Anyway, given that we don’t have strongly-typed typedefs we’re stuck with creating a very thin class that contains noting more than a constructor:-

public class ProductId : Identity
  public ProductId(int identity)
    : base(identity)
  { }

I’ll leave it up to you to decide whether the notion of sealing classes is a good or a bad thing (opinions seemed to have changed over time). Given that we’re after implementation inheritance and not polymorphism it probably should be. You could of course swap the use of inheritance for composition but then you’re giving yourself more work to do to expose the underlying value. Given our aim is to provide the ability to create lots of similar value types easily I’m happy with the current approach from the maintenance angle.

There might be a temptation to factor out an ISurrogateKey interface from SurrogateKey. This is an urge I believe comes from programmers more au fait with the pre-template/generics era or who are overly obsessed with mocking. I suggest you resist it on the grounds that these are simple value types[8].

So, how well does this idea translate to our other, similar problems? Well, for string keys I can easily imagine that you might want to restrict the character set. The same constraint could be applied to file paths and URLs. And I’ve already written about how I’m struggling with the “null reference vs empty string” duality. A C# Date class would almost certainly be a far richer abstraction that might leverage the DateTime class through composition. Unlike the more trivial surrogate key problem, the Date class has far more complex behaviours to implement, such as formatting as a string. And that’s before you decide whether to add the arithmetic operators too, or just worry about the storage aspects.

This, I feel, is where the “too much like hard work” comes in. It’s really easy to convince yourself that you can just pass around the “built-in” types and resort to “being careful” instead. After all you probably have a barrage of unit tests to ensure that you use them correctly internally. But the kinds of problems you are heading for cannot be found at the unit level; they occur at integration level and above. This means that the place where the duff data goes in - for example the UI - could be miles away from where the problem first shows up - the database if you’re still really lucky, but days later if the data is queued and there is no immediate processing of it.

I reckon most developers have no qualms about using enums for a type-safe set of limited values, so why does it feel like there is such a leap from that to a much larger, but still restricted, set of primitive values?
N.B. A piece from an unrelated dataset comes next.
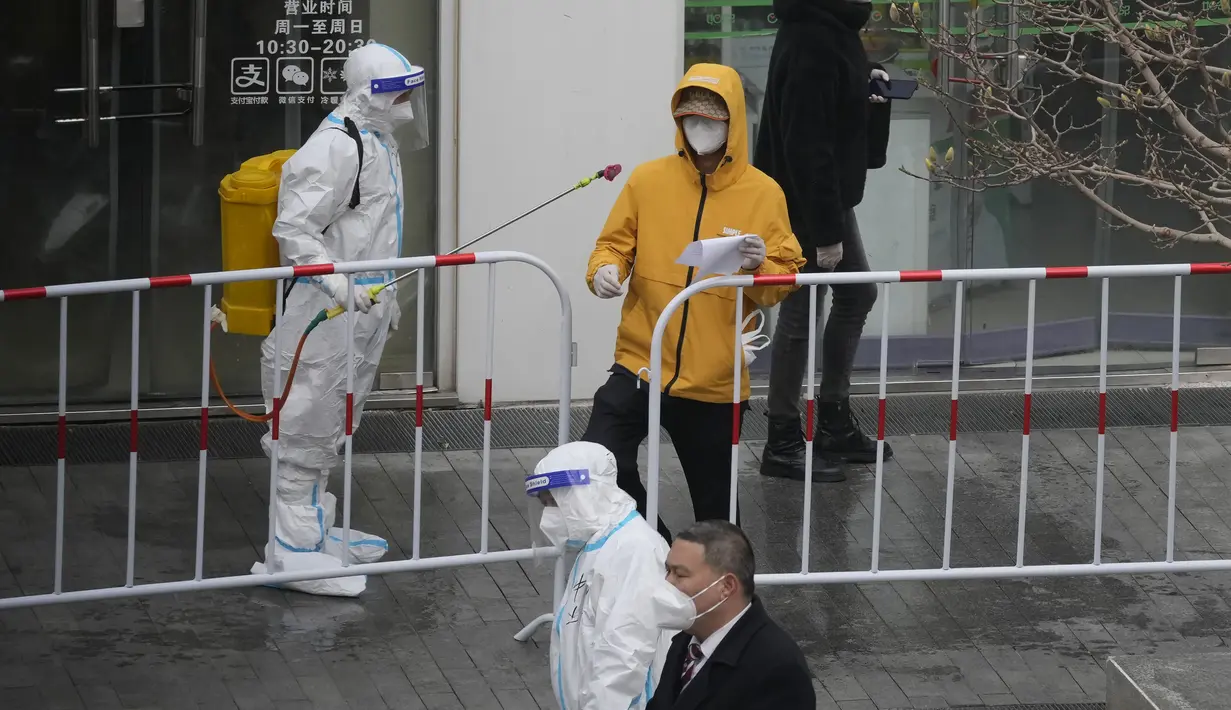 Pekerja mendisinfeksi seorang pria di luar gedung perkantoran yang ditutup setelah kasus covid-19 terdeteksi, Minggu (13/3/2022). Pihak berwenang memperketat kontrol akses ke Shanghai setelah jumlah kasus baru covid-19 di timur laut China meningkat tiga kali lipat. (AP Photo/Ng Han Guan)
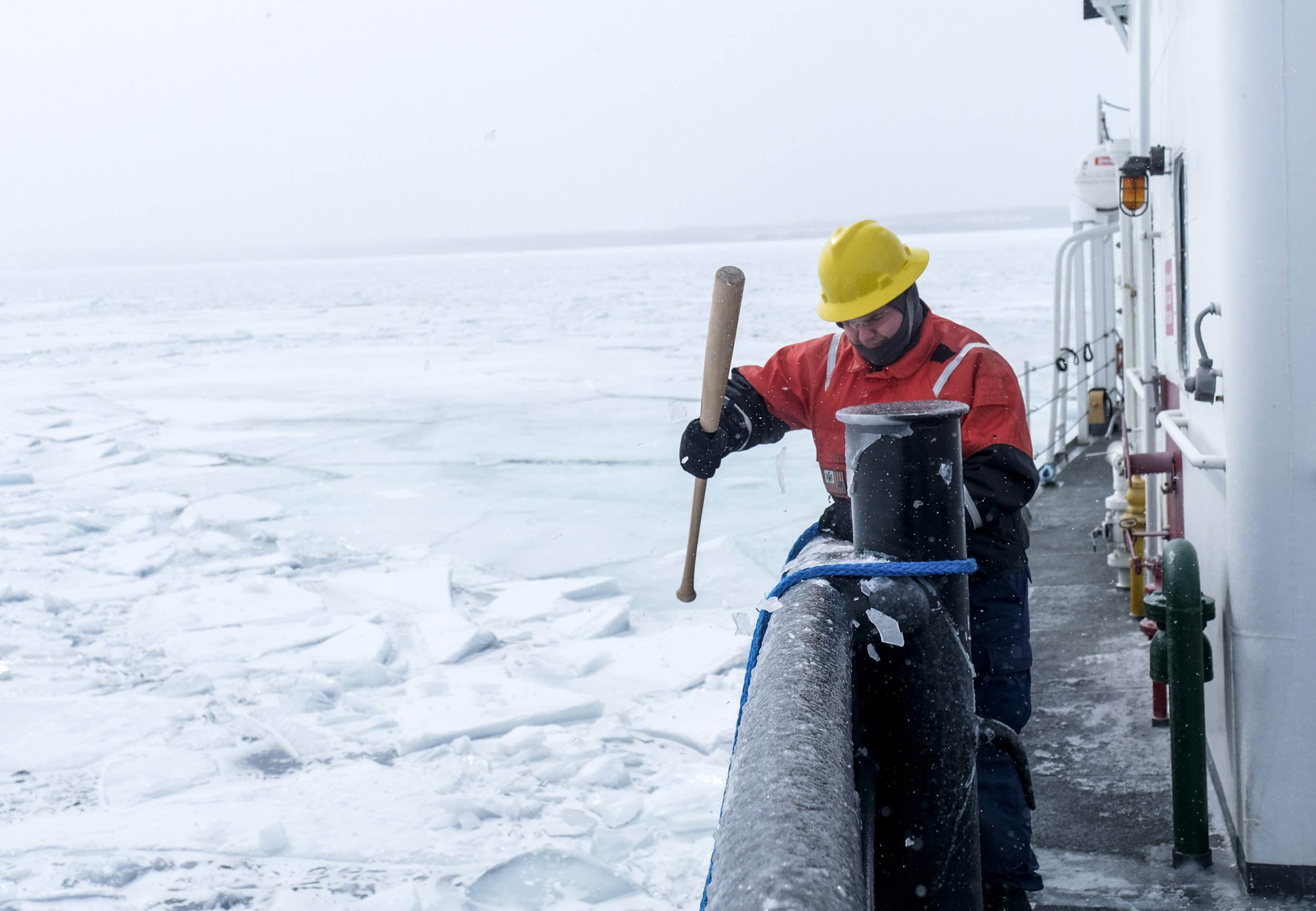 Boatswain's Mate Bruce Carter breaks ice on the forward deck of US Coast Guard Cutter  'Katmai Bay' during an operation to clear a Frozen section of the St. Mary's river on Tuesday, March 14, 2023 near Lake Huron.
[1] There was no Boost when I started learning C++. There was no Java either for that matter. Let’s not discount an alternative either such as a simple value type and a set of free standing functions - OO is not the only fruit.

[2] One alternative for C is to create an opaque type with a struct, such as Windows uses for its various handles - HBRUSH, HPEN, HFONT, etc.

[3] There is an argument that this tuple of values (ID, start date, end date) should perhaps have a type of it’s own because they are clearly related in some way. The hard part would be trying to avoid the much overused suffix “Context”…

[4] In the eternal struggle to define what “cohesive” looks like, this would probably be in there, somewhere.

[5] Thanks to fellow ACCU member and C++ expert Jonathan Wakely for pointing this idiom out.

[6] I’ve mostly focused on the much simpler problem of “unitless” non-arithmetic values, but clearly I’m on very shaky ground because a date is normally measured in days and is usually anything but non-arithmetic.

[7] I’ve been working on a post titled “Interfaces Are Not The Only Abstract Fruit” but never been happy with the example I chose. I think I may have just discovered a better one.

1 comment:

  1. Thanks for posting that link to Wilson's true typedefs. Very useful and what I've been wanting for ages!